### Data for the task

BEGIN

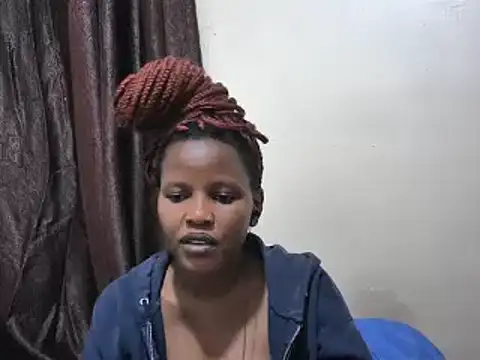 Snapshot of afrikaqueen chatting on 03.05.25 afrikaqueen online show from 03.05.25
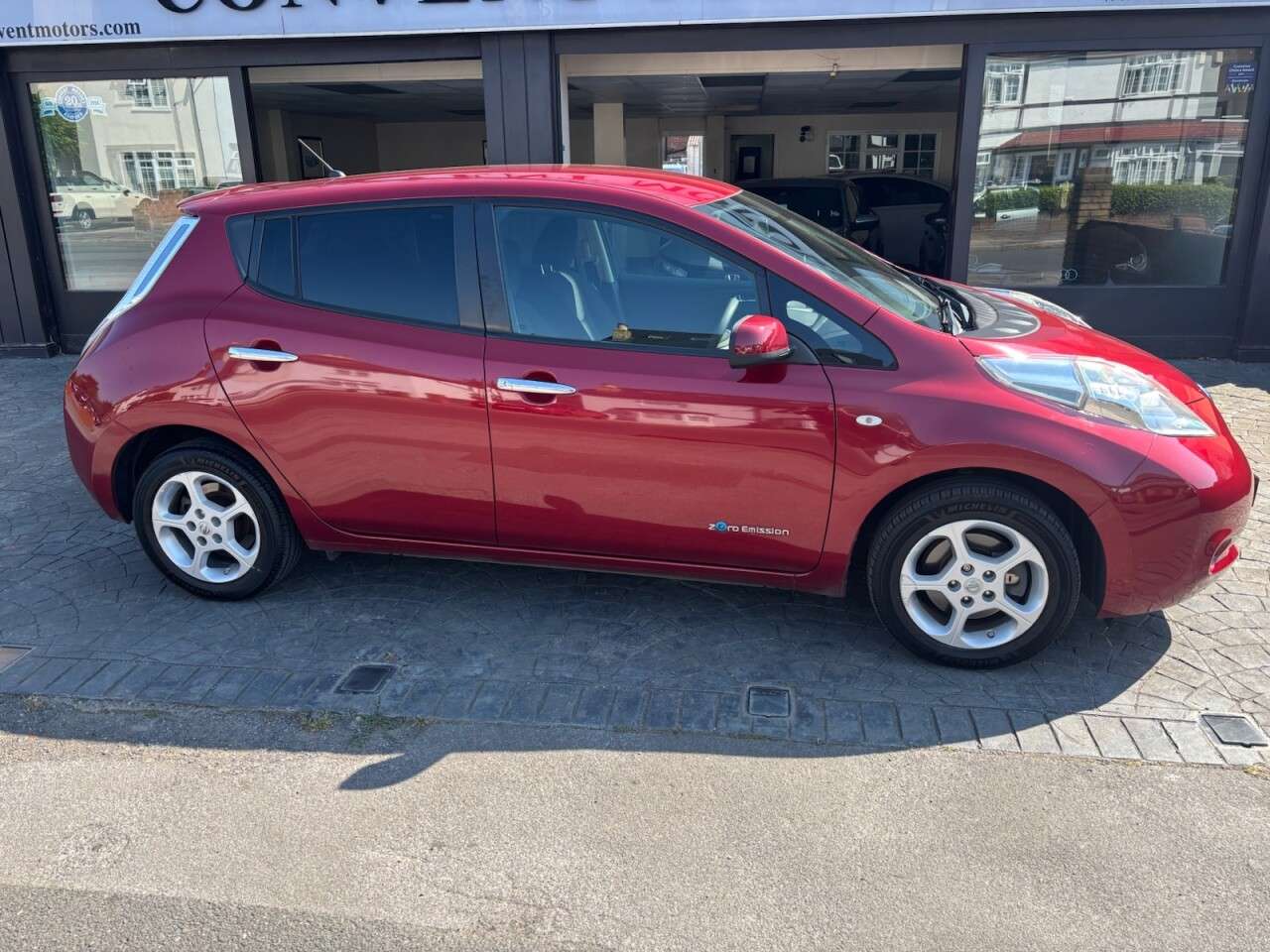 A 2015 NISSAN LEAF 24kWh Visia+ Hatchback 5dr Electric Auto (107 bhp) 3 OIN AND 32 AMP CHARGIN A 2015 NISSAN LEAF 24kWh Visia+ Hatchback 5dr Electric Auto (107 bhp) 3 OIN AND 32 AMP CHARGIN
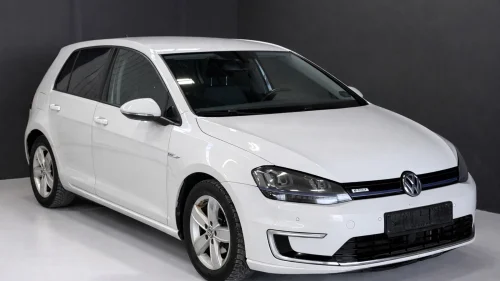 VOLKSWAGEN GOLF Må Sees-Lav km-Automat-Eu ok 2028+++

END
BEGIN

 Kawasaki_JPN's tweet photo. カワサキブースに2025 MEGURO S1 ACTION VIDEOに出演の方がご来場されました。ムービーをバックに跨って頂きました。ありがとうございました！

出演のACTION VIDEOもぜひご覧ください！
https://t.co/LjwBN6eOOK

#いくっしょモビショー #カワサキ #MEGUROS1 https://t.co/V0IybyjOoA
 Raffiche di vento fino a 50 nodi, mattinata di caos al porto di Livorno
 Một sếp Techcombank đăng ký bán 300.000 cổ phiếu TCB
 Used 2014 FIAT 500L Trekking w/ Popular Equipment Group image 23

END
BEGIN

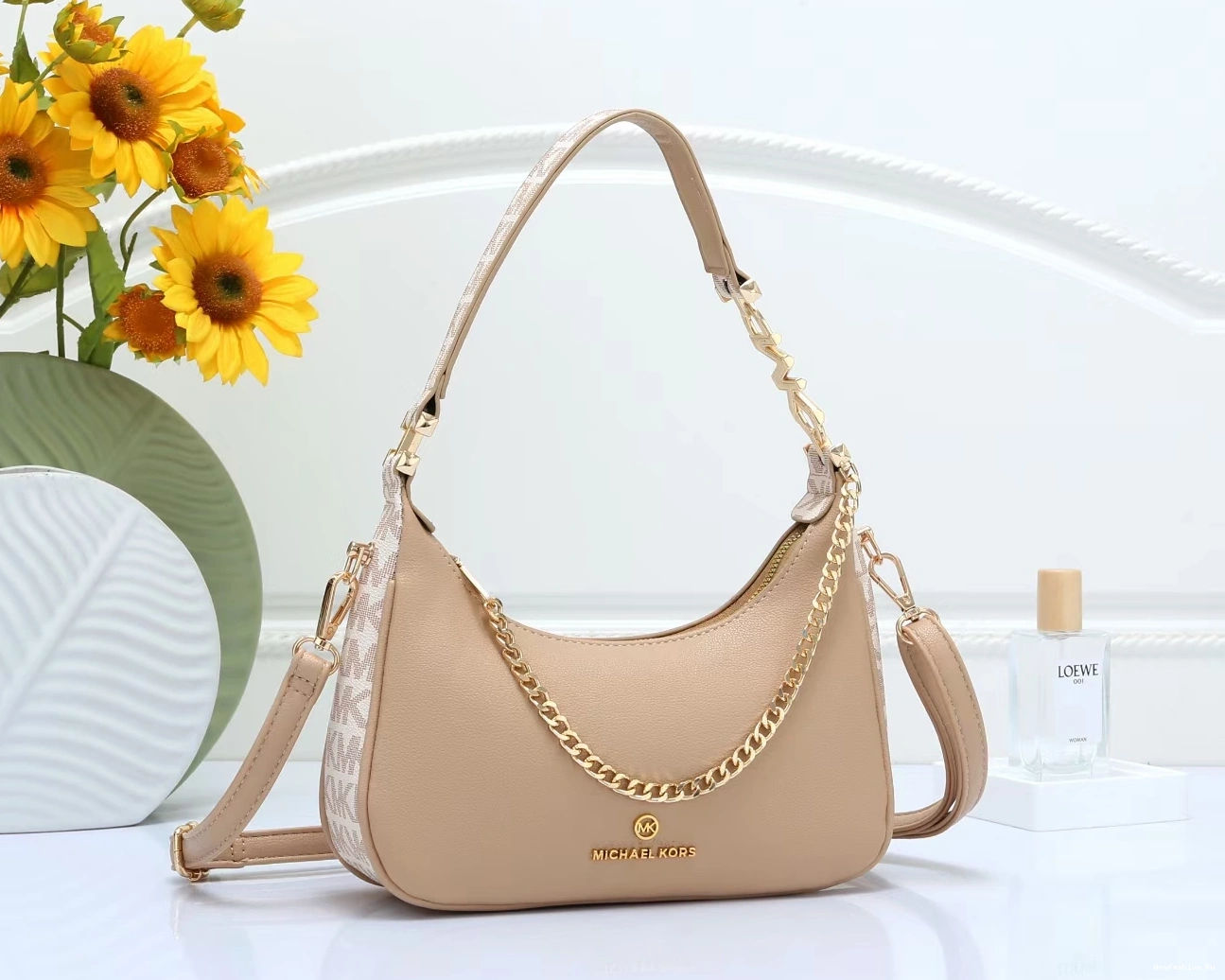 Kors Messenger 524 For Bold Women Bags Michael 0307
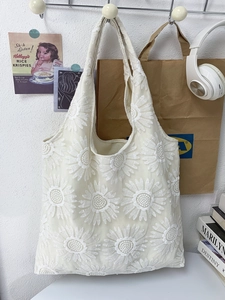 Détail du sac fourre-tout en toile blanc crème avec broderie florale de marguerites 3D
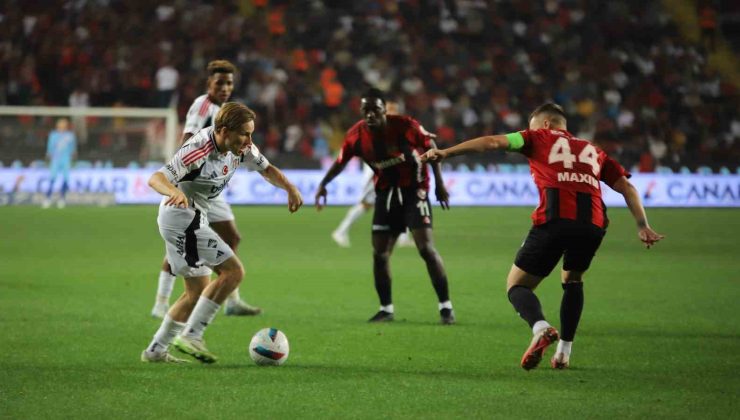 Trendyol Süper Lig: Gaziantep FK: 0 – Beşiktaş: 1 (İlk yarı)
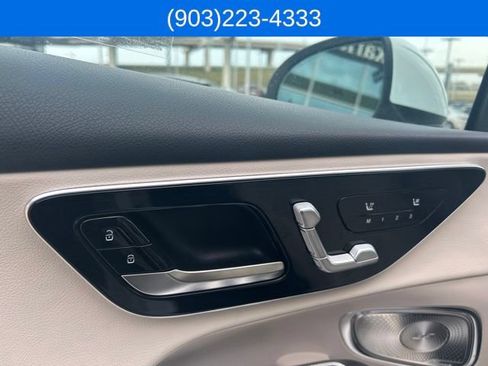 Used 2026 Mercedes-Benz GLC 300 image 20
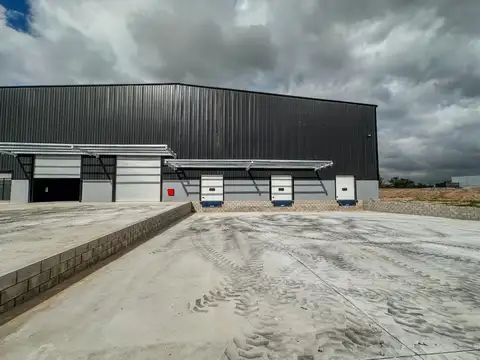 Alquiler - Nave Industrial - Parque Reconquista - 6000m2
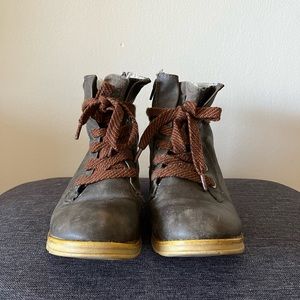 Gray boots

END

### Try it
Scan the entries above and return each line that holds "https".

### Written reply
https://t.co/LjwBN6eOOK
#いくっしょモビショー #カワサキ #MEGUROS1 https://t.co/V0IybyjOoA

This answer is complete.